Recorded data:
+===+
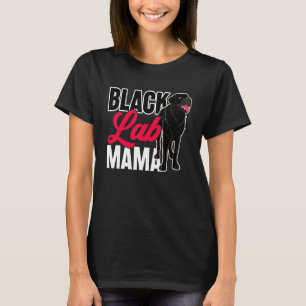 Black Lab Mama Animal Pet Mommy Dog Owner Black La T-Shirt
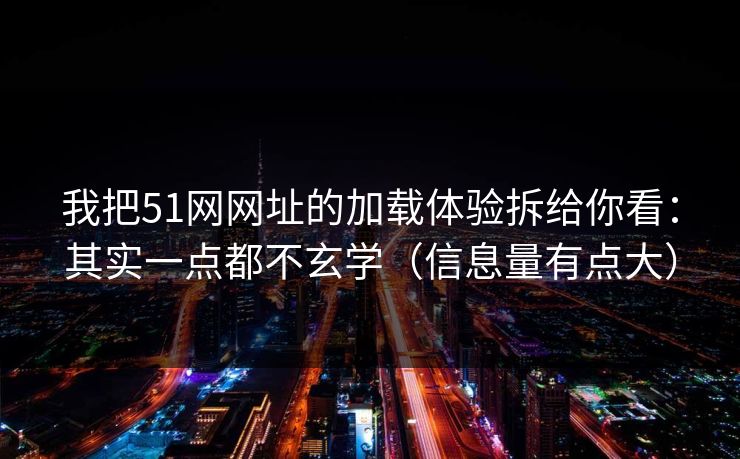我把51网网址的加载体验拆给你看：其实一点都不玄学（信息量有点大）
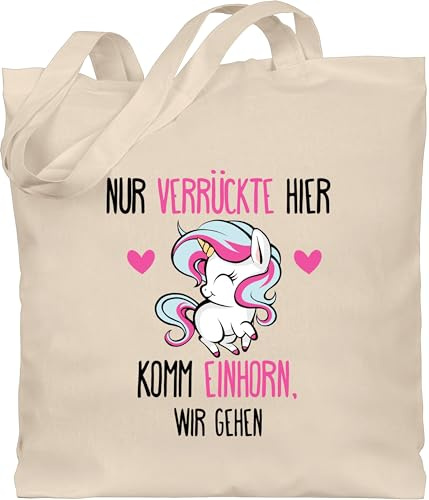 Shirtracer - Baumwolltasche - Einhörner Taschen - Nur Verrückte hier - komm Einhorn, wir gehen
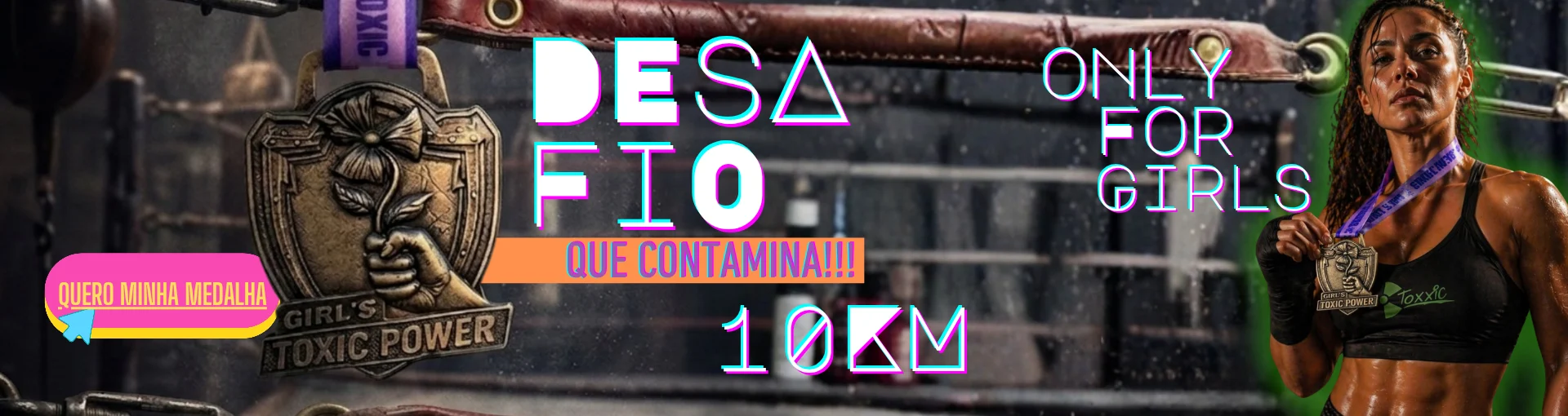 Desafio virtual Girl's Toxic Power 10 KM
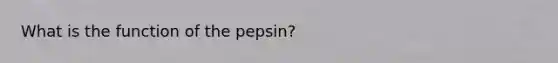 What is the function of the pepsin?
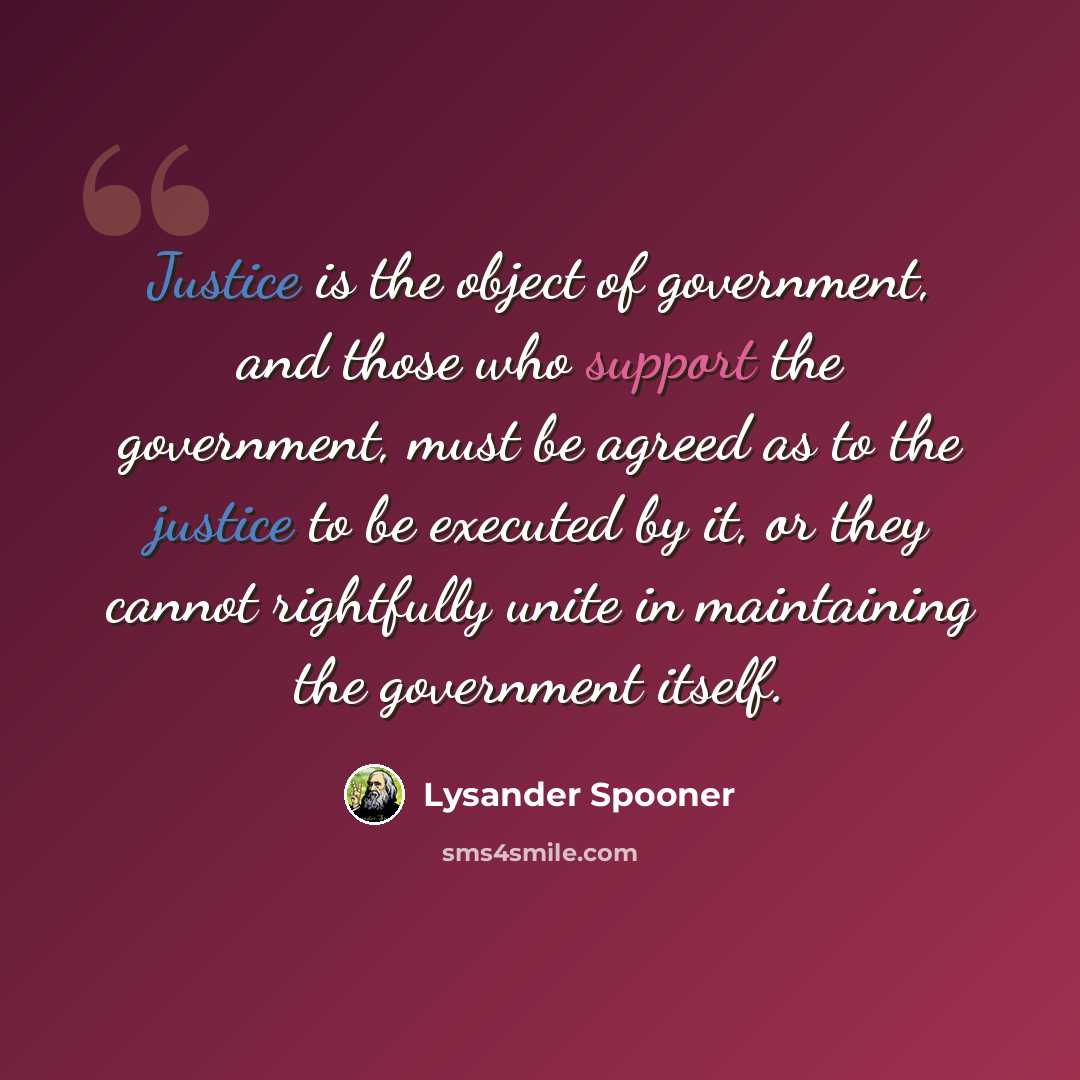“Justice is the object of government, and those who support the government, must be agreed as to the justice to be executed by it, or they cannot rightfully unite in maintaining the government itself.” quote by Lysander Spooner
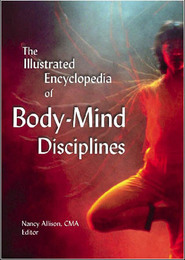 The Illustrated Encyclopedia of Body-Mind Disciplines, ed. , v. 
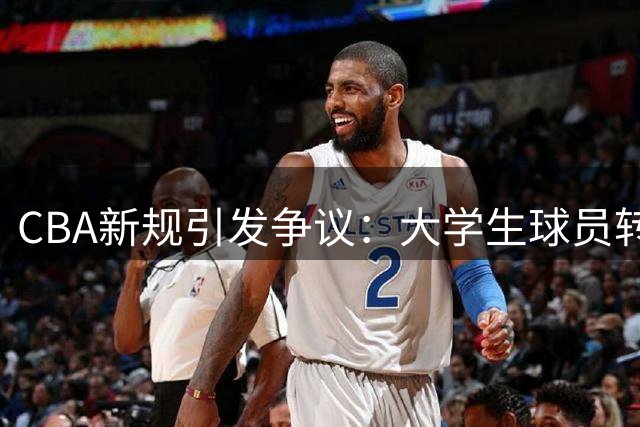 CBA新规引发争议：大学生球员转会受限的背后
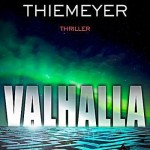 Valhalla by Thomas Thiemeyer Knaur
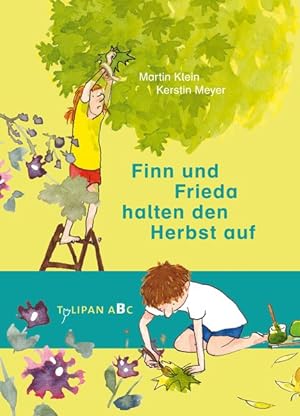 Immagine del venditore per Finn und Frieda halten den Herbst auf. ABC-Reihe. Lesestufe B. Alter: ab 7 Jahren. venduto da A43 Kulturgut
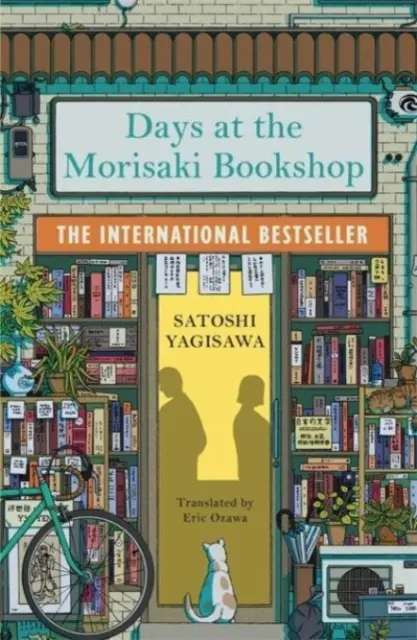 Dni v kníhkupectve Morisaki - Medzinárodný bestseller pre milovníkov knihy Kým káva vychladne - Days at the Morisaki Bookshop - The International Bestseller for lovers of Before the Coffee Gets Cold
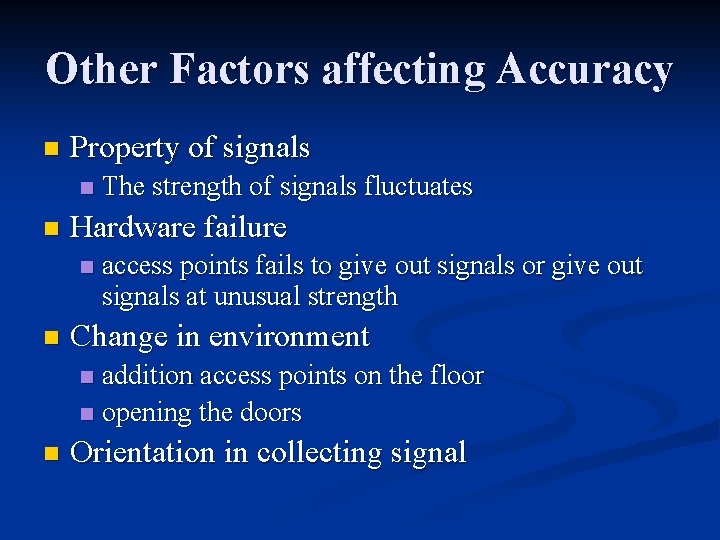 Other Factors affecting Accuracy n Property of signals n n Hardware failure n n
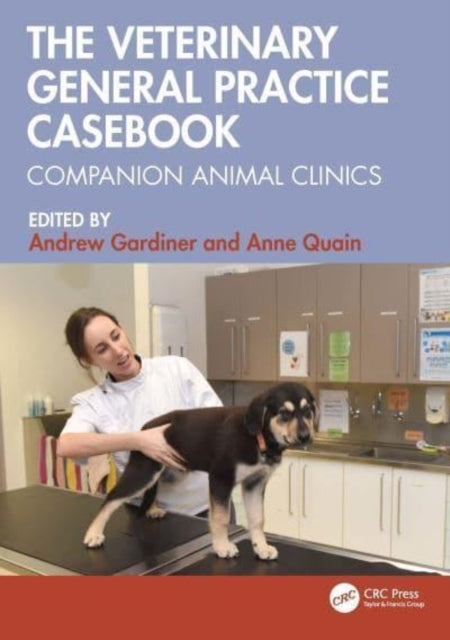 The Veterinary General Practice Casebook Companion Animal Cl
+===+
Task requirements:
Exactly the lines from the one holding "Valhalla by Thomas Thiemeyer Knaur" to the last line of the records above should be duplicated, with no pictures among them.

Response:
 Valhalla by Thomas Thiemeyer Knaur
 Immagine del venditore per Finn und Frieda halten den Herbst auf. ABC-Reihe. Lesestufe B. Alter: ab 7 Jahren. venduto da A43 Kulturgut
 Dni v kníhkupectve Morisaki - Medzinárodný bestseller pre milovníkov knihy Kým káva vychladne - Days at the Morisaki Bookshop - The International Bestseller for lovers of Before the Coffee Gets Cold
 Other Factors affecting Accuracy n Property of signals n n Hardware failure n n
 The Veterinary General Practice Casebook Companion Animal Cl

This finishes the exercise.